Hanya ada anggukan kepala, ia menjadi dingin tidak banyak bicara. "Aku ingin memperlihatkan sesuatu padamu," ucap Anna kemudian melangkah masuk ke sebuah ruangan.

Anna memperlihat sesuatu pada Kavin membuat pria itu mengerutkan keningnya. Ia tidak mengerti dengan apa yang tengah terlihat di layar komputer saat ini.

"Ah, aku minta maaf. Kau tidak paham dengan ini.
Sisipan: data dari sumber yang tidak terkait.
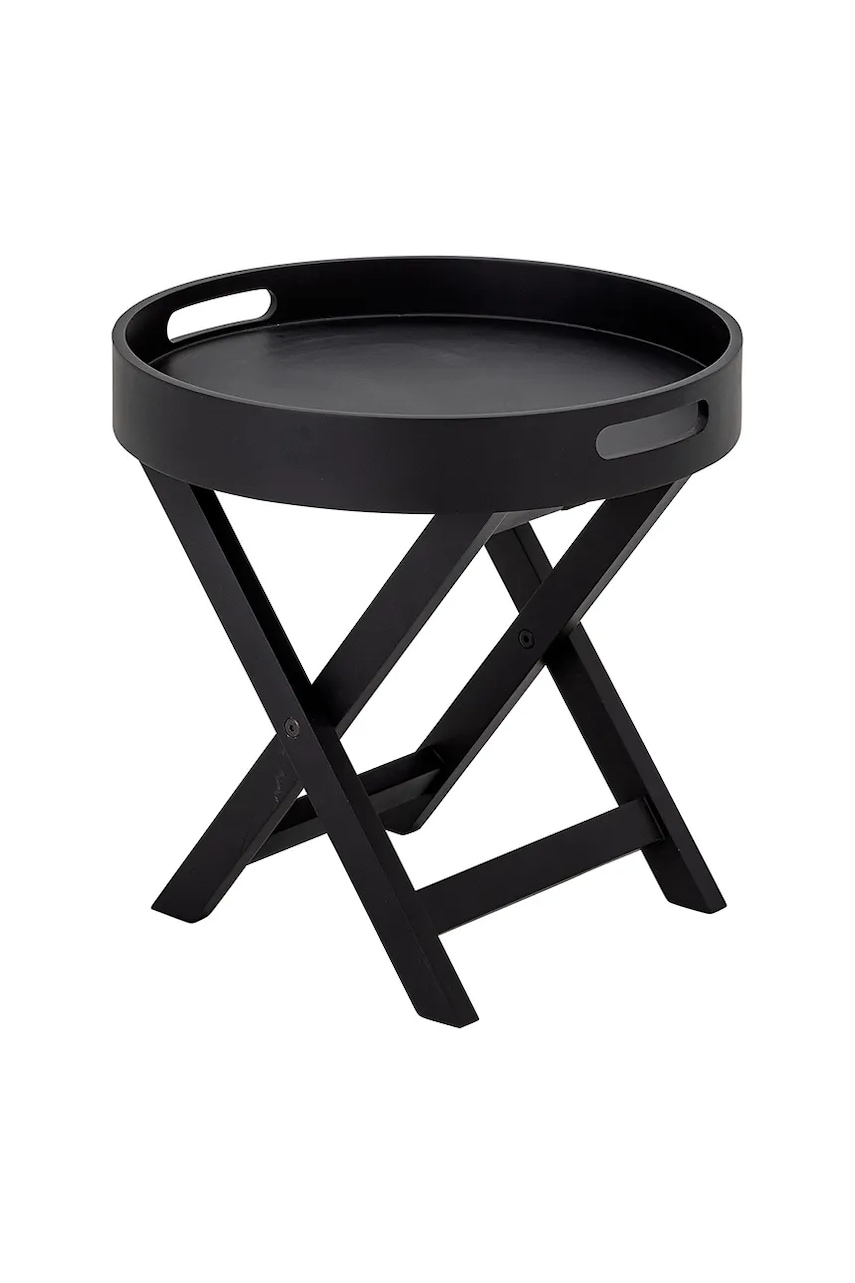 Bloomingville masă pliantă cu tavă Freya 40 x 39 cm culoarea negru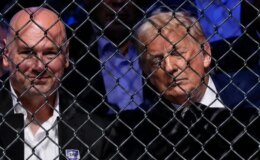 Trump doğum gününde uyuyakaldı! Beyaz Saray’daki UFC gecesine o anlar damga vurdu
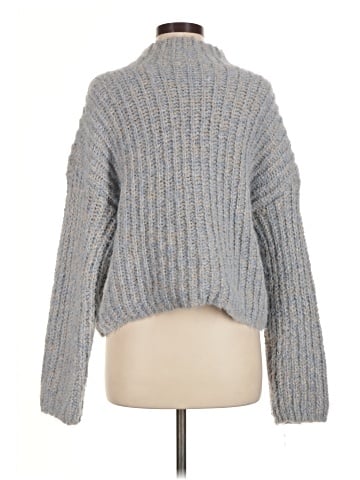 Aqua Turtleneck Sweater (view 2)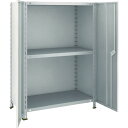 【あす楽対応・送料無料】TRUSCO 軽量棚両開扉付 875X533XH1200 天地3段 ネオグレー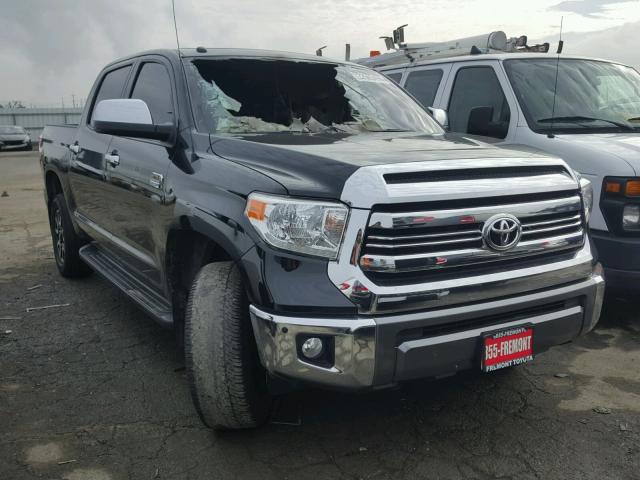 5TFAY5F11GX539805 - 2016 TOYOTA TUNDRA CRE BLACK photo 1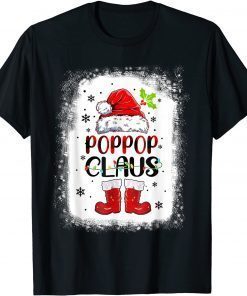 Official Poppop Santa Claus Dress Shirt For Men Women Christmas TShirt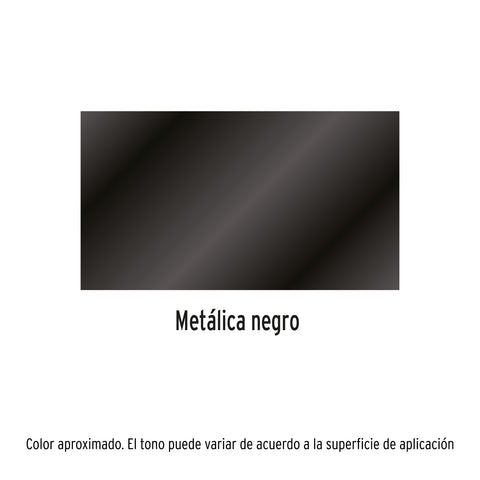 Pintura en aerosol, negro metálico, bote esbelto, 400 ml | PAM-NE | 12778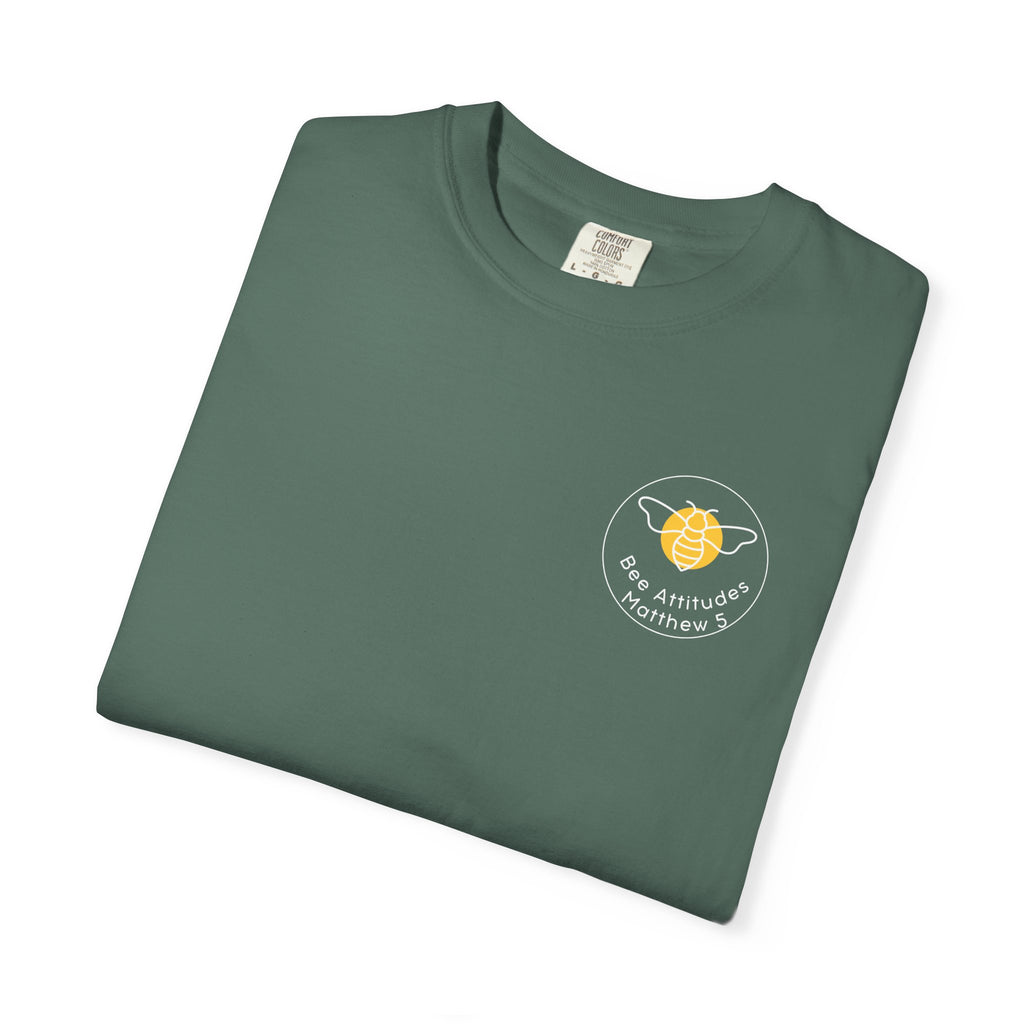 Bee-Attitudes Matthew 5:4 White Letters T Shirt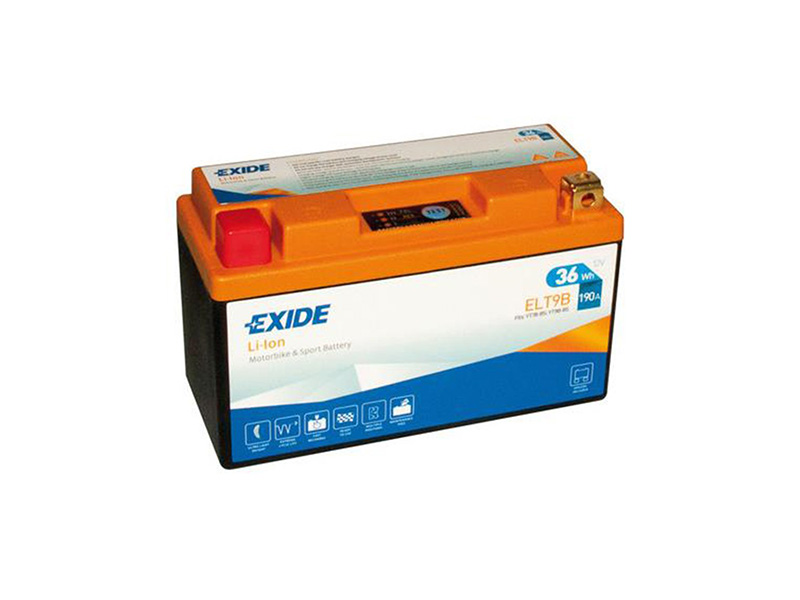 Levně Motobaterie EXIDE BIKE Li-Ion 3Ah, 12V, ELT9B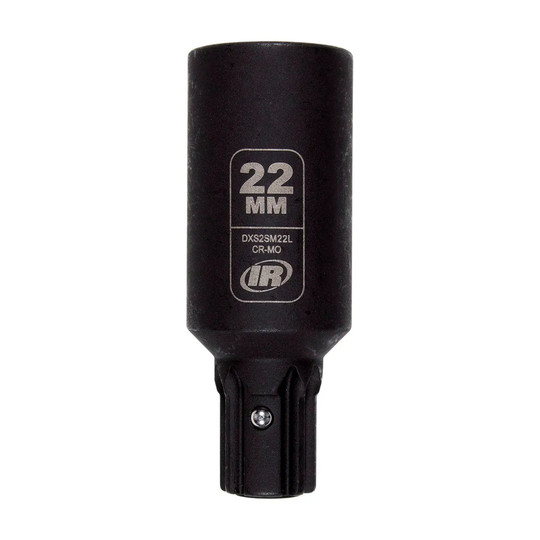 Black 22 mm deep direct-drive impact socket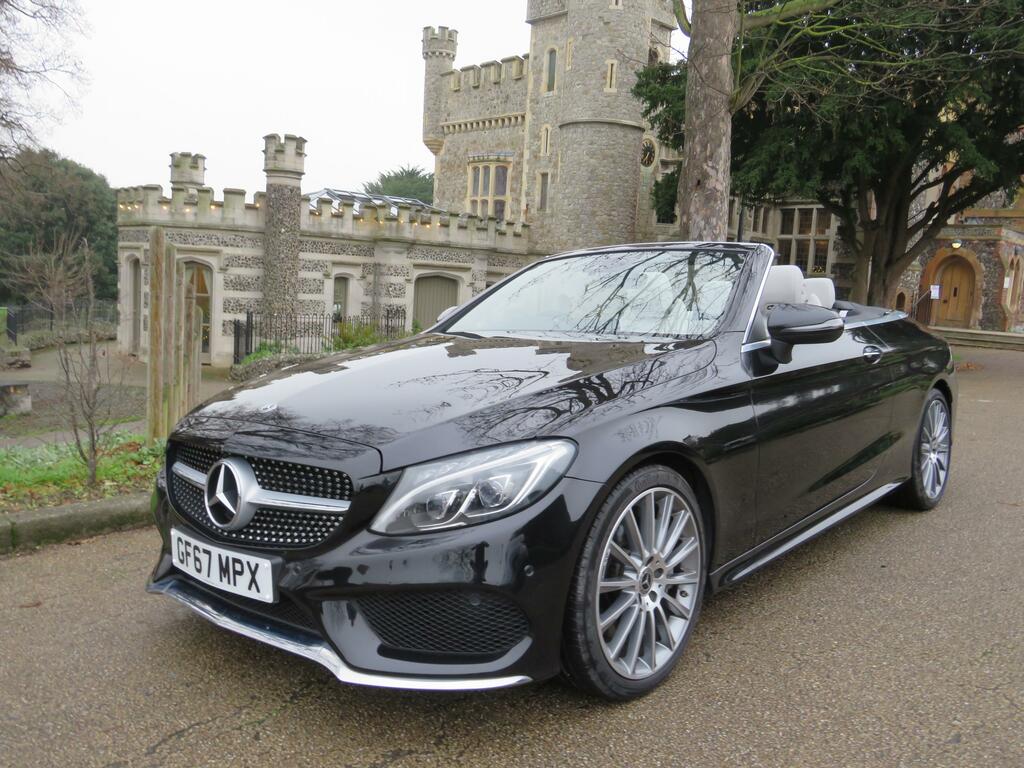 Mercedes-Benz C Class 2.1 C250d Amg Line Premium Plus Cabriolet Di Black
Ini adalah program yang akan kita jual di perusahaan-perusahaan."

"Program?" tanya Kavin menelan salivanya, ia tidak percaya jika yang harus dipasarkan olehnya adalah sebuah program, bukan sebuah produk seperti yang ia lakukan saat di Indonesia. Apakah ia bisa melakukannya, sesuatu yang sama sekali tidak biasa ia lakukan sebelumnya?

"EoTech. Program anti virus, tetapi tugas sebenarnya program ini lebih dari itu. Program ini adalah program pelindung data, tidak ada yang bisa membobolnya kecuali diriku," jelas Anna sangat singkat sambil memberikan sebuah proposal pada Kavin. "Kau bisa membacanya lebih dulu," lanjut Anna.

"Aku boleh bertanya sesuatu?" tanya Kavin.

"Ya."

"Mengapa kau ingin mendirikan perusahaan sedang kau—"

"Direktur Perusahaan?" Anna terkekeh sejenak membuat Kavin bingung. "Tidak lagi, setelah apa yang mereka lakukan padaku. Saat ini mereka adalah musuhku," ucap Anna dingin membuat seisi ruangan itu berubah mencengkam dengan perubahan raut wajah Anna saat itu.